Based on the engaging presentations at the conference and the very supporting reviewer comments, we specifically recommend three papers for the special issue of IJMIR: “Multilingual Visual Sentiment Concept Clustering and Analysis,” by Pappas et al., “Investigating Country-specific Music Preferences and Music Recommendation Algorithms with the LFM-1b Dataset,” by Markus Schedl, and “Learning Hierarchical Video Representation for Action Recognition,” by Li et al. These papers, representing advanced and diverse themes in the multimedia retrieval community, highlight the timely works for several active aspects ranging from deep learning methods for fine-grained video presentations, rich and multi-facet open dataset for music recommendation and user profiling, to cross-culture/cross-lingual semantics discovery. The papers presented in this special issue are substantial extensions of the articles presented at ICMR 2016 and underwent a peer-review with international experts before they were finally selected for this special issue.
The paper by Pappas et al., “Multilingual Visual Sentiment Concept Clustering and Analysis,” makes use of the current technology on visual concept detection to match visual sentiments in various languages. The authors carefully designed the analysis method and the annotation of the dataset by crowdsourcing.
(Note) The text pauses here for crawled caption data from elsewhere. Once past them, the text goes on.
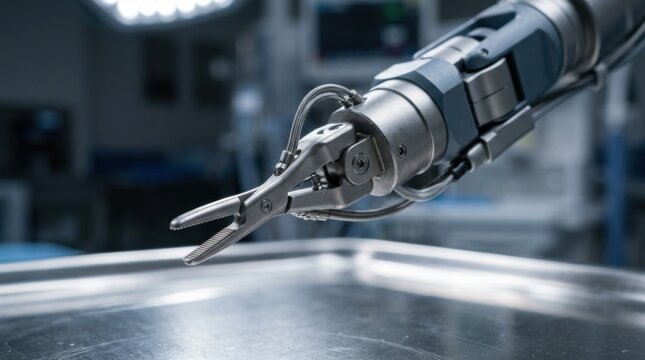 Robotic surgical arm with wristed forceps hovering over a sterile stainless steel instrument tray.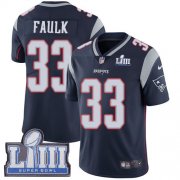 Wholesale Cheap Nike Patriots #33 Kevin Faulk Navy Blue Team Color Super Bowl LIII Bound Men's Stitched NFL Vapor Untouchable Limited Jersey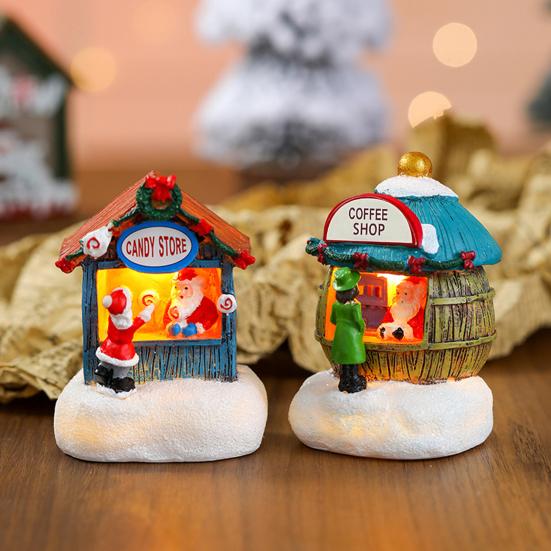 Christmas Winter Village House Ornaments Mini Light-up Christmas Shop with Santa Resin Desktop Figurine Holiday Home Decor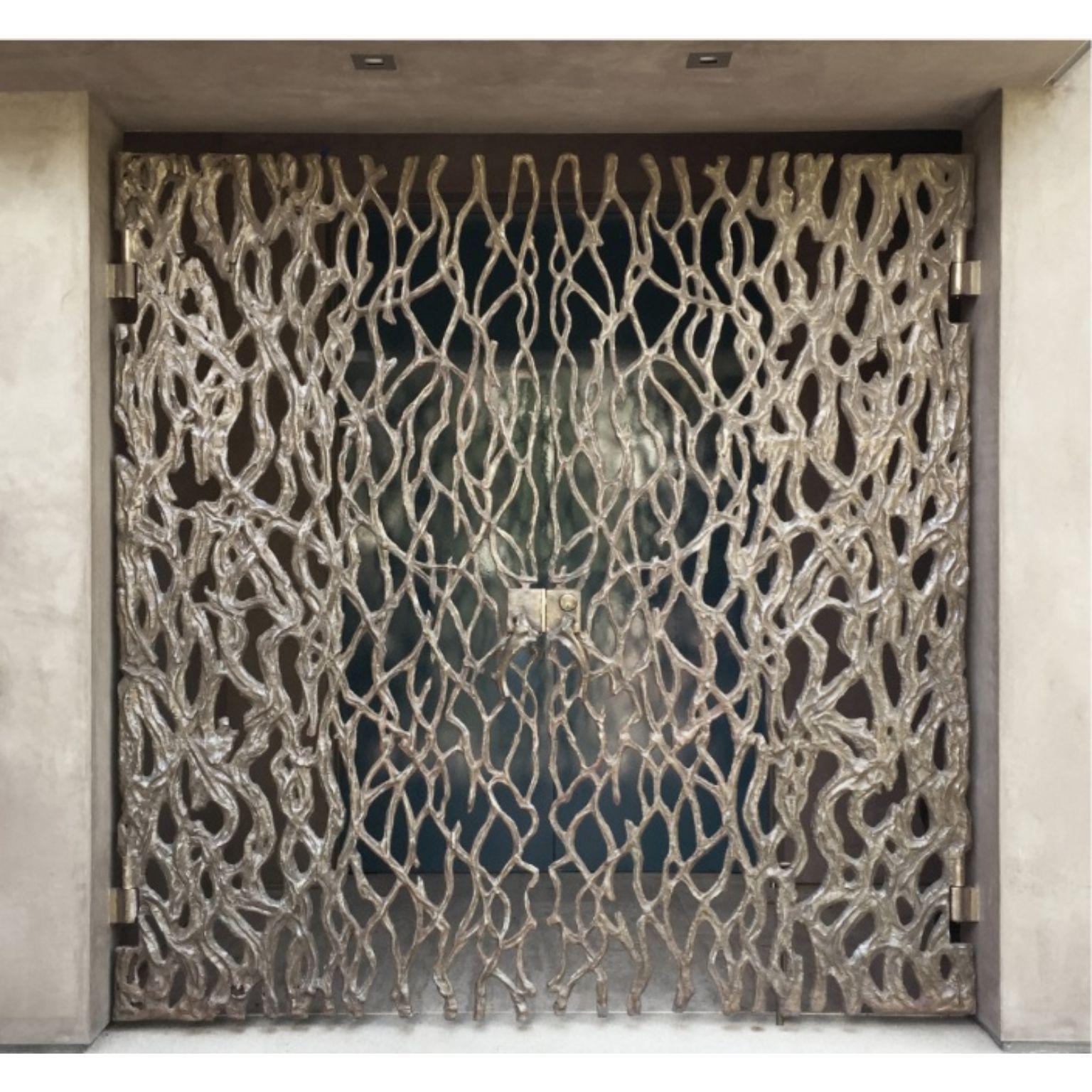 Bronze gates by Mary Brogger
Unique piece.
Dimensions: W 219 x H 219 cm.
Materials: Bronze.
Custom sizes and finishes available.

Mary Brogger is an internationally recognized artist whose diverse practice includes sculpture and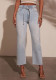 Women Casual Lace-Up Washed Denim Pants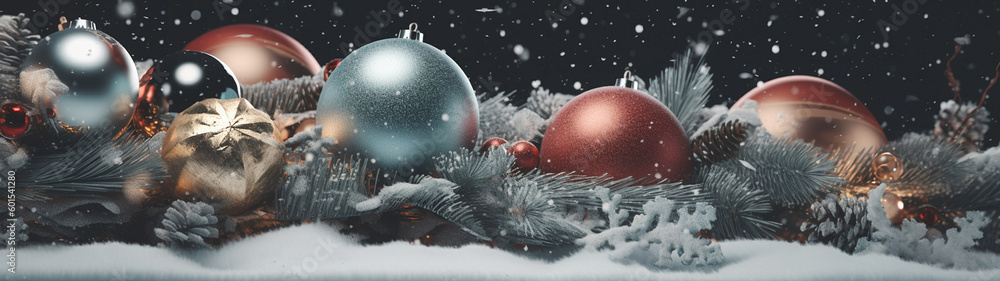 Generative AI image of a christmas banner Generative AI image of a christmas banner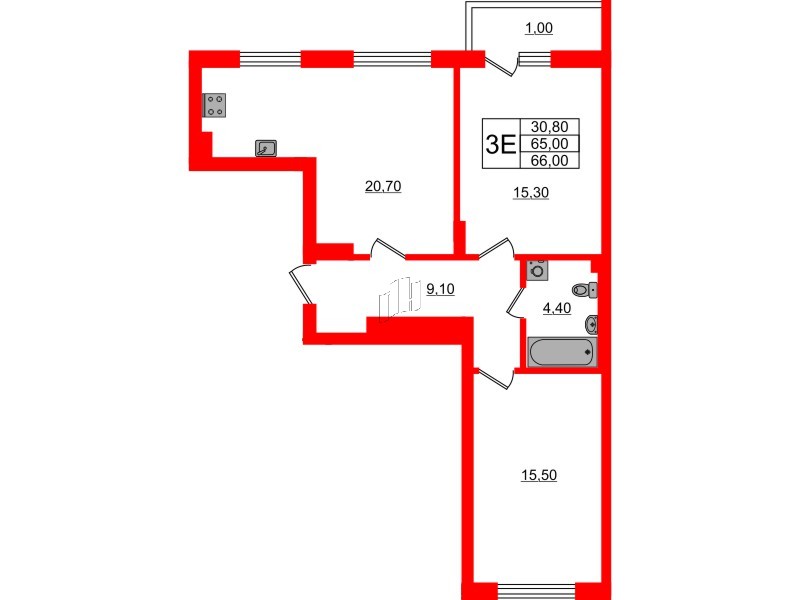 Квартира в ЖК Астория, 2 комнатная, 66 м², 2 этаж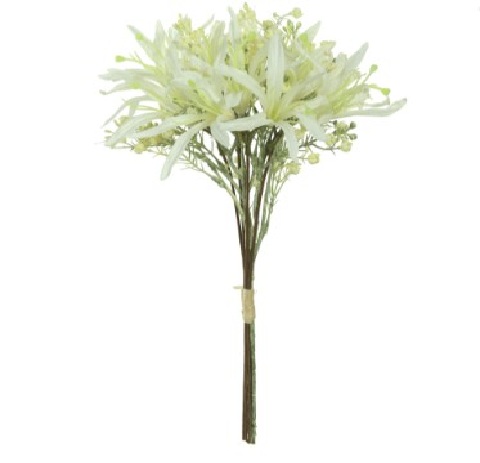 Buque Lirio Ramalhete Com Fita X7 Creme Outono 39cm
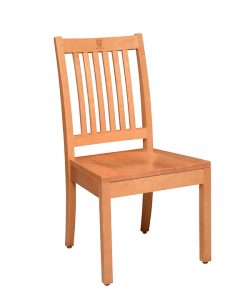 Westminster School wood library chair with six vertical, narrow back slats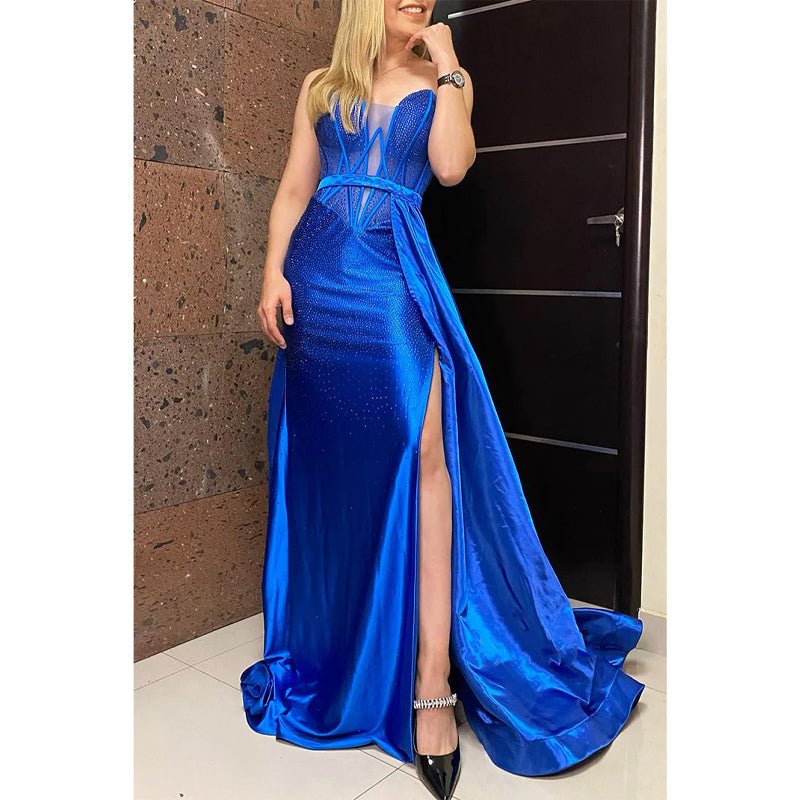 NumberSea - A - line V - neck Beaded with Side Slit Train Party Prom Evening Dress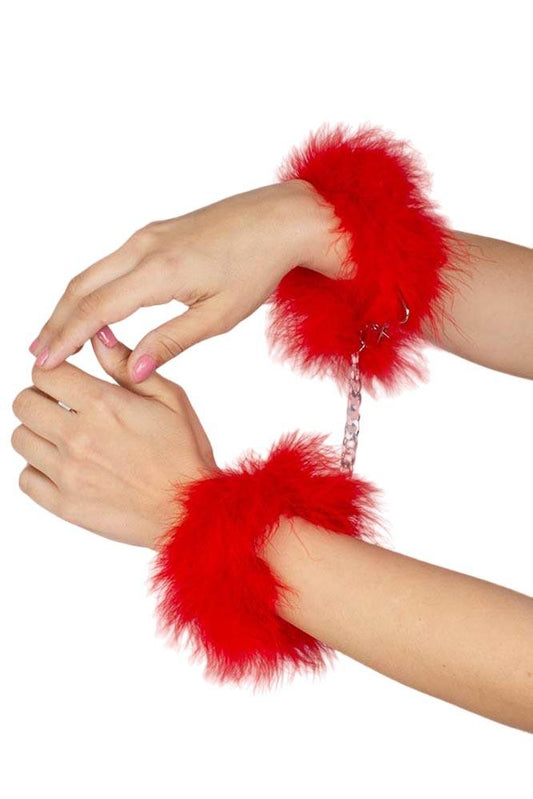 Χειροπέδες - Feather Handcuffs Κόκκινες
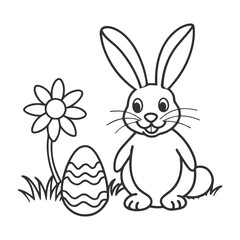 Cute Easter Rabbit with Egg and Flower Line Art Vector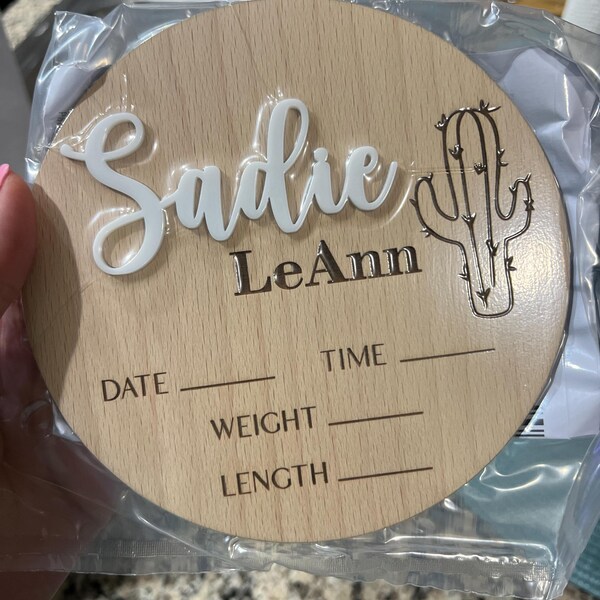 Personalized Baby Name Announcement Sign – Custom 3D Wood Birth Sign ...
In addition, they showed an example of the analysis on portraits, with interesting results and insights.
Markus Schedl, in “Investigating Country-specific Music Preferences and Music Recommendation Algorithms with the LFM-1b Dataset,” presents a new dataset with 1 billion music listening events from 120,000 different Last.FM users. LFM-1b has two unique features: (1) its substantial size and (2) a wide range of additional user descriptors that reflect their music taste and consumption behavior. The detailed user- and listening-specific information are important for a variety of research tasks.
In “Learning Hierarchical Video Representation for Action Recognition,” Li et al. attempt to address the problem that different actions may have different granularities, i.e., different lengths in time, by analyzing videos in multiple granularities. The proposed hierarchical framework fuses multiple scores for different granularities by training a classifier on multi-granular distributions.
We would like to thank the authors for their contributions, and the reviewers for their constructive comments that helped strengthen the papers. We are also grateful for the assistance by the editorial office of IJMR.